Venezuela: Repressão brutal desde as eleições

  • As autoridades venezuelanas e os “coletivos” cometeram violações generalizadas desde as eleições presidenciais de 28 de julho de 2024. As autoridades eleitorais declararam que Nicolás Maduro havia sido reeleito, apesar das evidências sólidas em contrário.
  • O governo venezuelano assassinou, torturou, deteve e fez desaparecer à força pessoas que buscavam mudanças democráticas, e muitas outras fugiram do país.
  • Os governos deveriam apoiar os esforços para garantir a responsabilização pelas graves violações dos direitos humanos cometidas na Venezuela, pedir às autoridades venezuelanas que libertem as pessoas detidas arbitrariamente e que revelem o paradeiro das pessoas submetidas a desaparecimentos forçados, além de ampliar o acesso à proteção internacional para venezuelanos que fogem da repressão.

(Washington D. C.) – As autoridades venezuelanas e os “coletivos” cometeram violações generalizadas desde as eleições presidenciais de 28 de julho de 2024, disse a Human Rights Watch em um relatório divulgado hoje.

O relatório de 104 páginas, “Punidos por buscar mudanças: assassinatos, desaparecimentos forçados e detenções arbitrárias após as eleições de 2024 na Venezuela”, documenta violações de direitos humanos cometidas contra manifestantes, transeuntes, líderes da oposição e críticos durante os protestos pós-eleitorais e nos meses que se seguiram. O relatório associa autoridades venezuelanas e grupos armados pró-governo conhecidos como “colectivos” a violações generalizadas de direitos humanos. Essas violações incluem o assassinato de manifestantes e transeuntes, desaparecimentos forçados de membros da oposição e de cidadãos estrangeiros, detenções arbitrárias e processos judiciais contra adolescentes e outras pessoas, além de tortura e maus-tratos a detidos.

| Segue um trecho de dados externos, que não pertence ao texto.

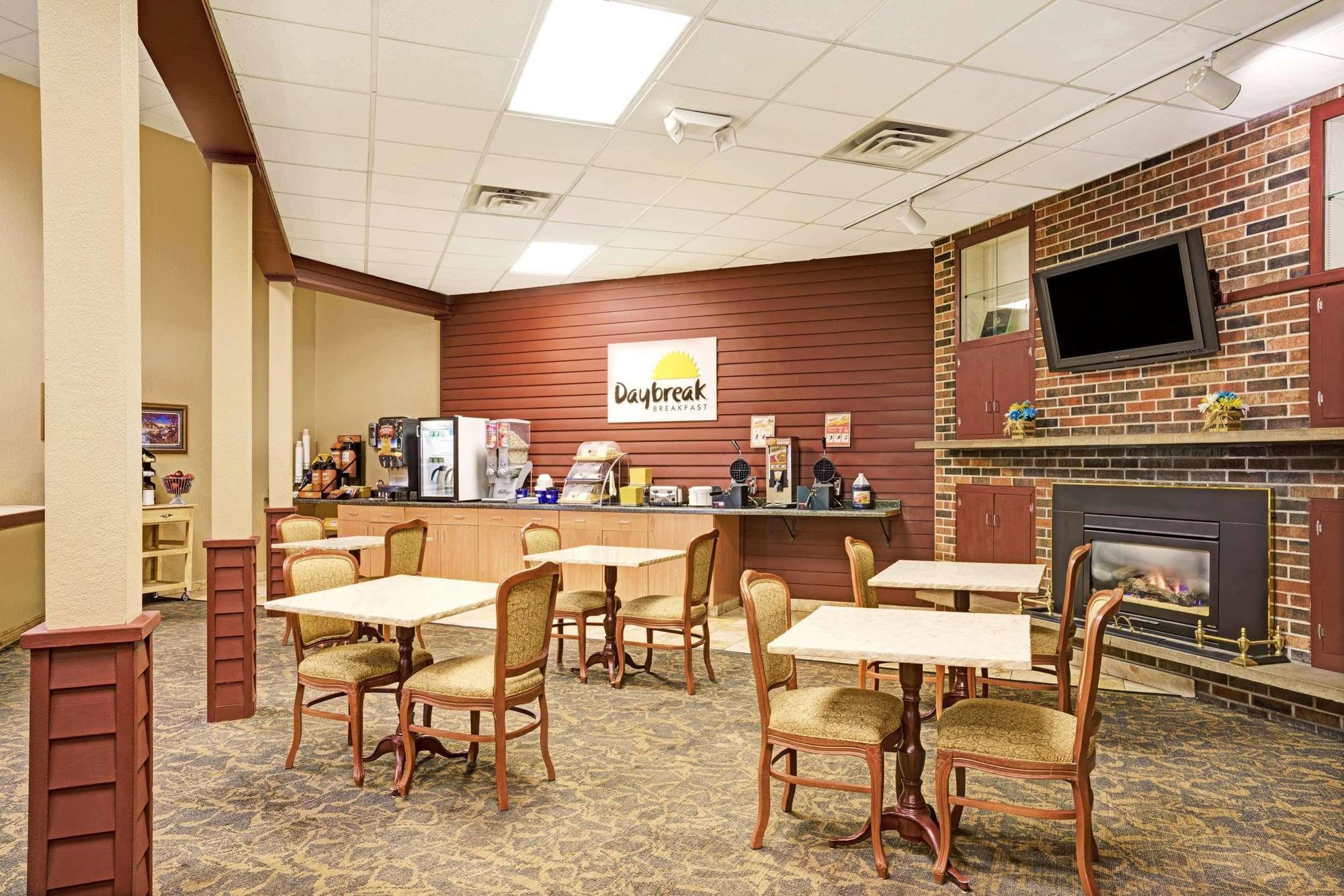 Days Inn By Wyndham Bloomington West Exteriér fotografie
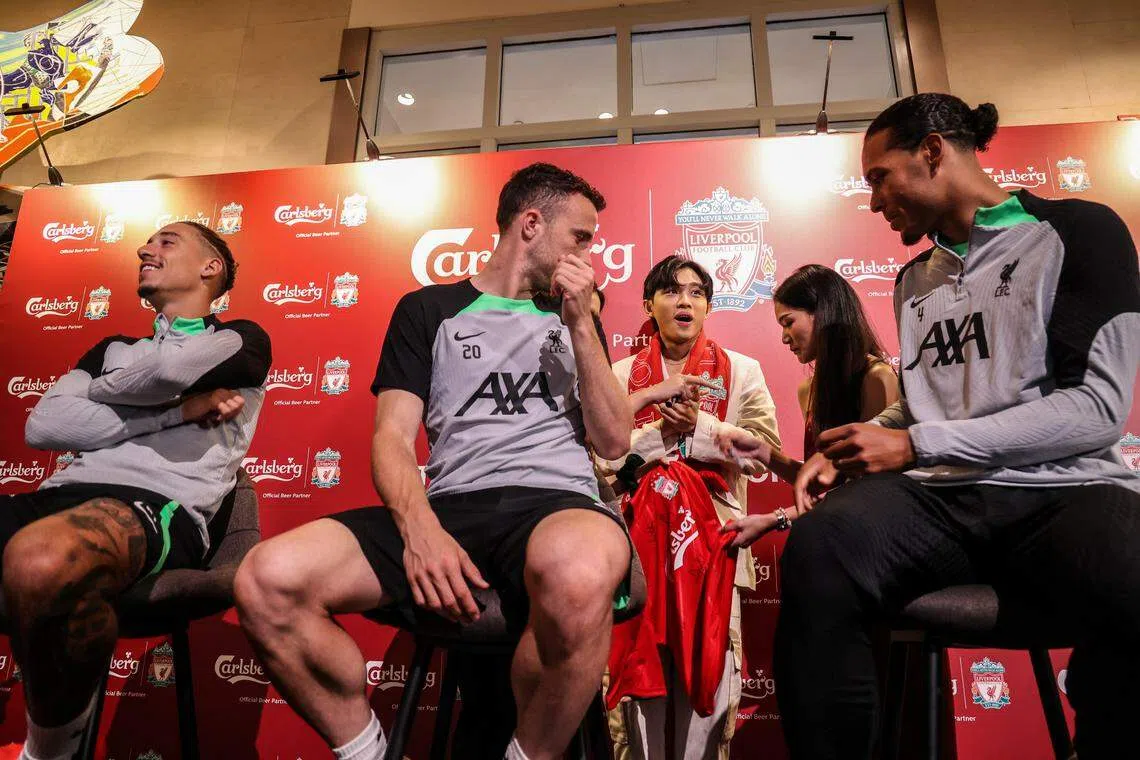 这名球迷（右三）的服装被球员选为当天最佳，他对此感到难以置信。（关俊威摄）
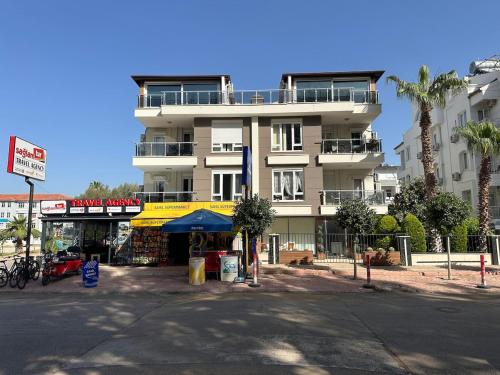 Konyaaltı gürsu denize sıfır sahilde full eşyalı lüks daire, Antalya (fotografie 8)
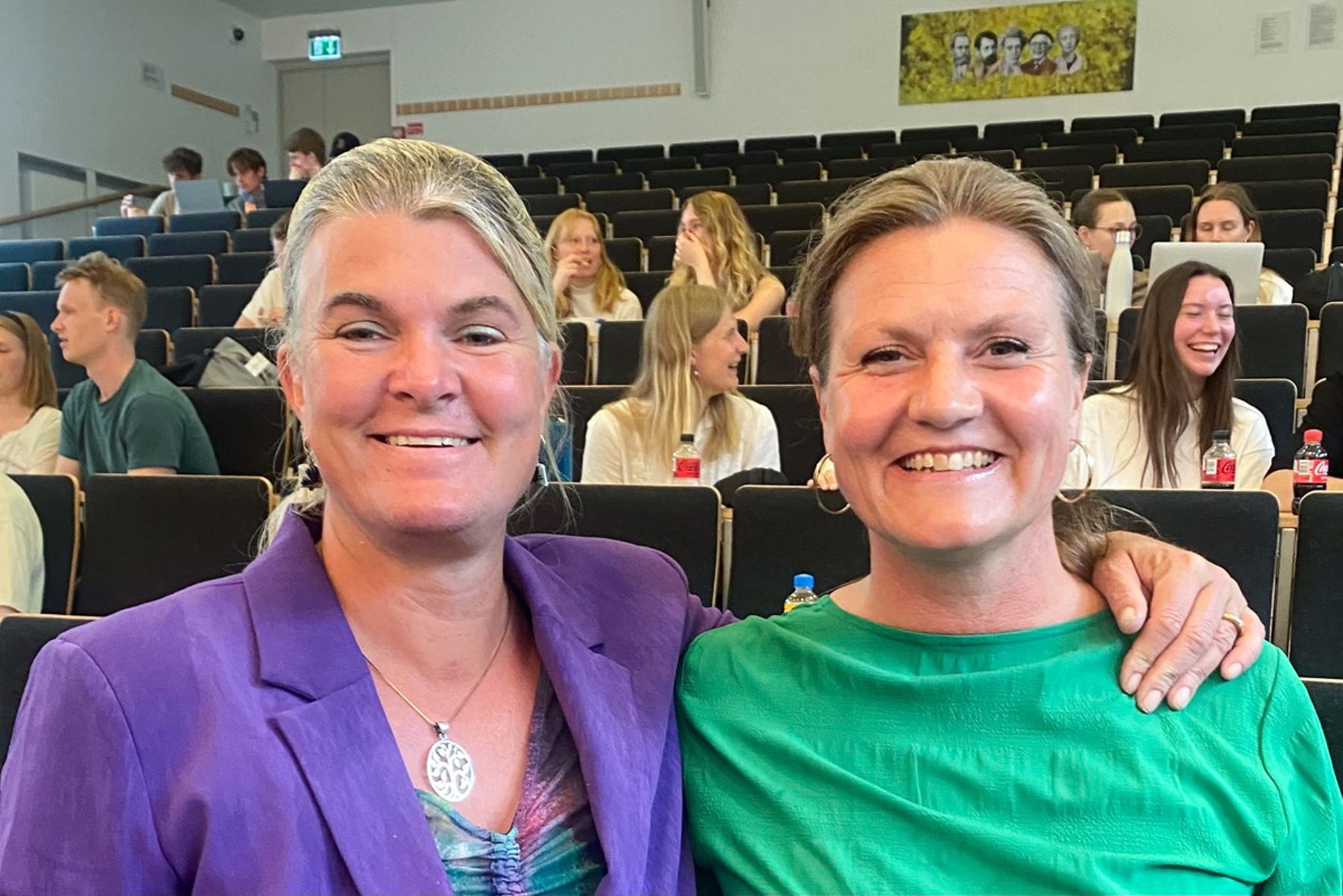 Dea Kehler (tv) og Pia Lieberknecht har begge erfaring fra&nbsp;et arbejdsliv uden for politik med sig, når de for første gang stiller op til EU-valget den 9. juni. De kommer fra hver sit parti, som de har begge først har meldt sig ind inden for det sidste år, efter at de mødte hinanden på det Politiske Akademi. Her mødes de under valgkampen til et arrangement på Aarhus Universitet.&nbsp;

“O governo venezuelano assassinou, torturou, deteve e fez desaparecer pessoas que lutaram pela democracia na Venezuela”, disse Juanita Goebertus, diretora da Divisão das Américas da Human Rights Watch. “A comunidade internacional deveria reafirmar seu compromisso com a democracia e os direitos humanos na Venezuela e pressionar para que o governo de Maduro seja responsabilizado por suas atrocidades.”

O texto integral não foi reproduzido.